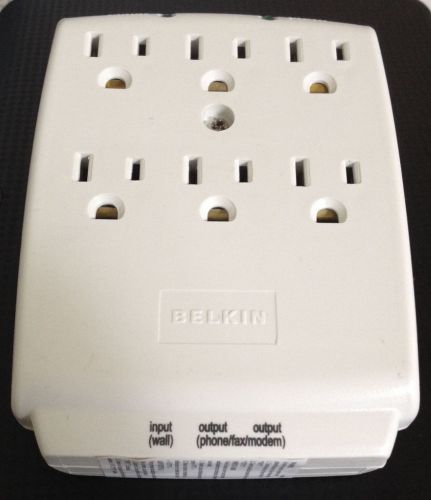 Belkin Surge Protector - 6 Outlets (input for phone/fax/modem) Wall Mounted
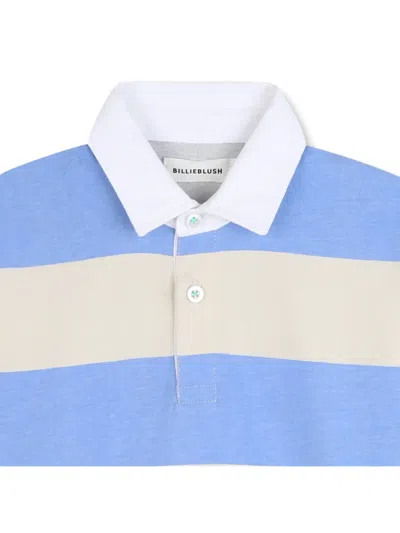 Billieblush Striped Long-sleeve Polo Shirt In Blue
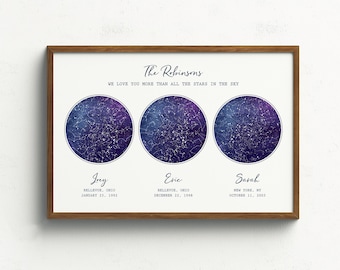 Our Family Star Map Prints, Personalized Custom Family Star Map Print, Constellation Star Map Print Gift for Dad, Star Gift for Grandparents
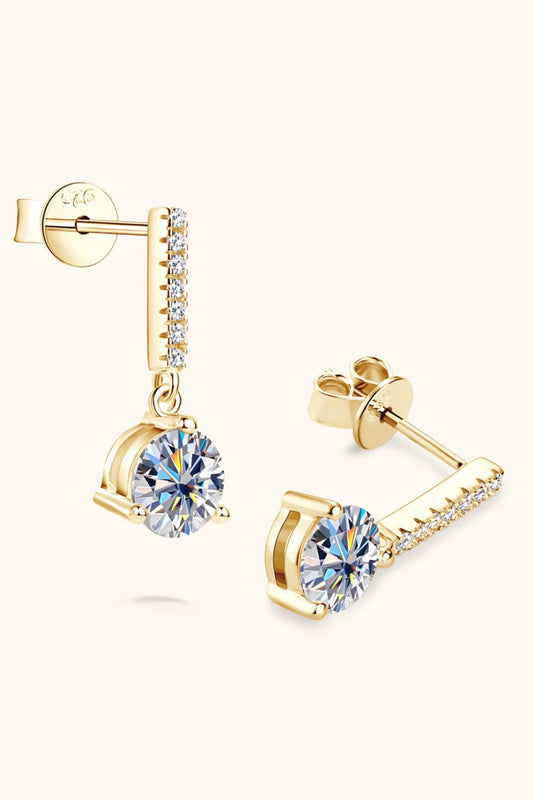 2 Carat Moissanite 925 Sterling Silver Drop Earrings - KRE Prime Deals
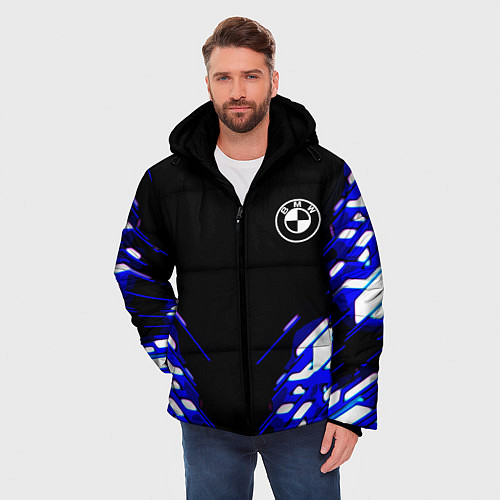 Мужская зимняя куртка BMW sport неоновый спорт / 3D-Черный – фото 3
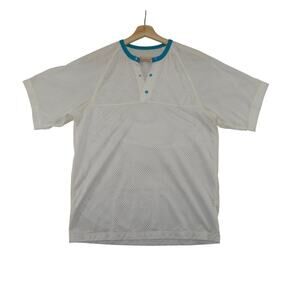 Vintage REI White Mesh Henley Shirt with Teal Snap Collar – Size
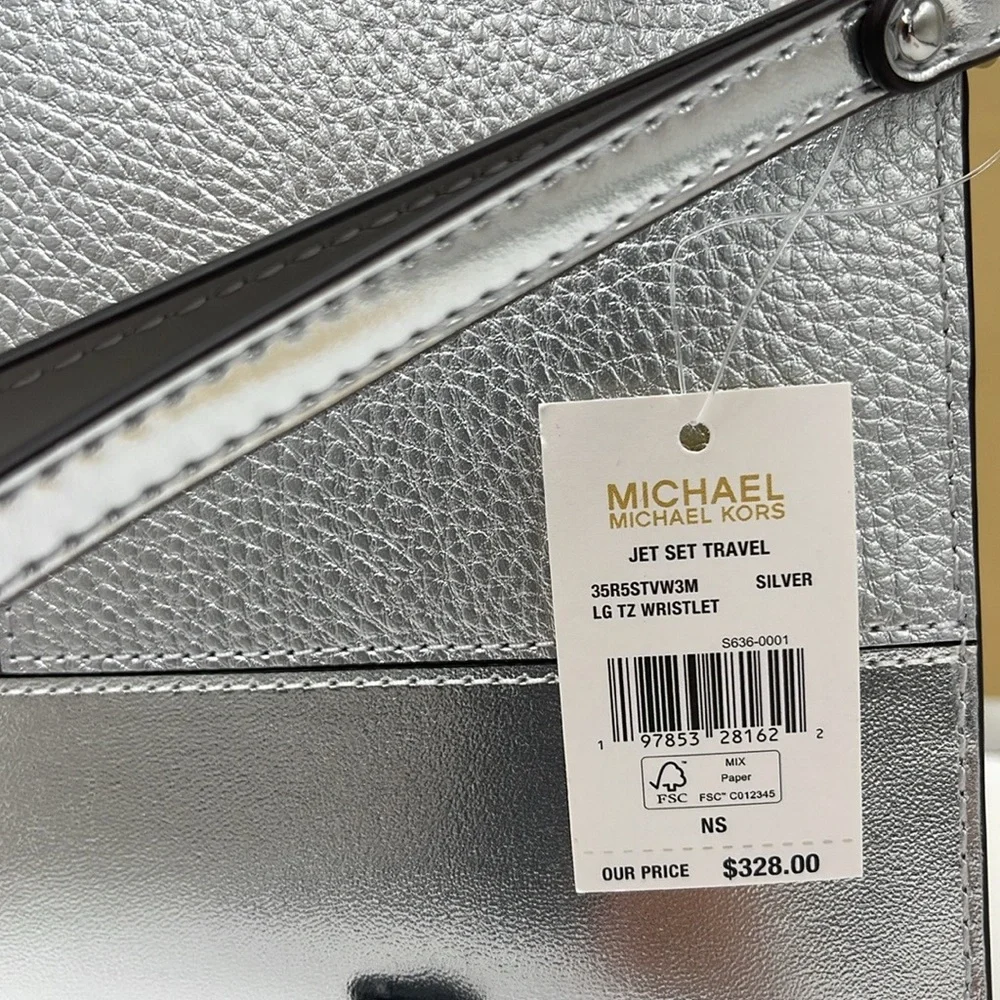 Michael Kors Jet ST Lg TZ Studded Metallic Patchwork and Signature Logo Wristlet
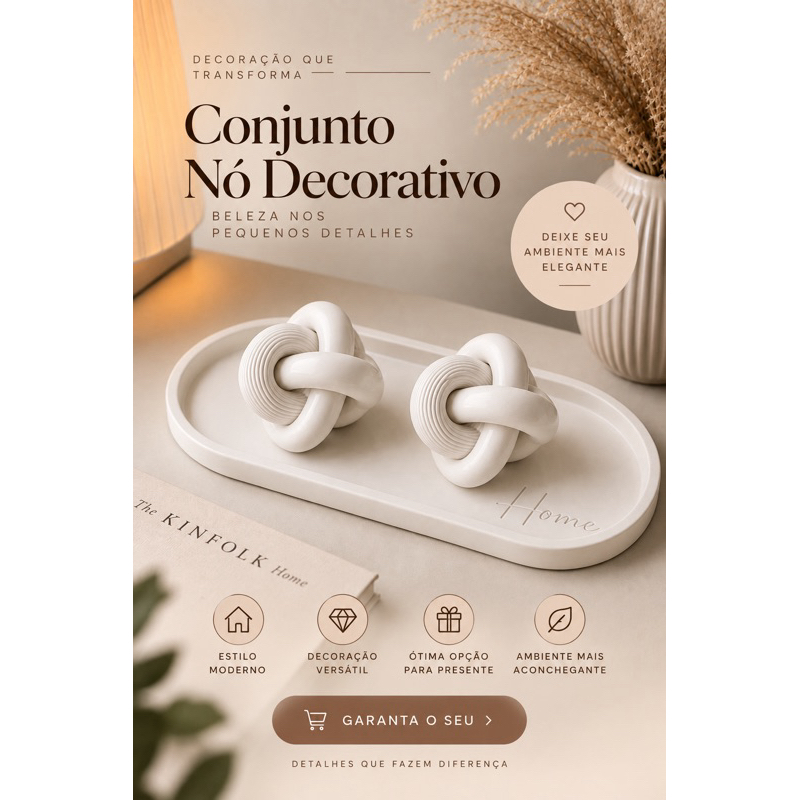 Kit Decorativo Bandeja Oval + 2 Nós Decorativos | Decoração Moderna Minimalista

* * * *

Required work: Copy out, exactly and without pictures, each line from the one containing "Vintage REI White" through the final line of the entries, both ends included.

Problem solution:
 Vintage REI White Mesh Henley Shirt with Teal Snap Collar – Size
 Michael Kors Jet ST Lg TZ Studded Metallic Patchwork and Signature Logo Wristlet
 Kit Decorativo Bandeja Oval + 2 Nós Decorativos | Decoração Moderna Minimalista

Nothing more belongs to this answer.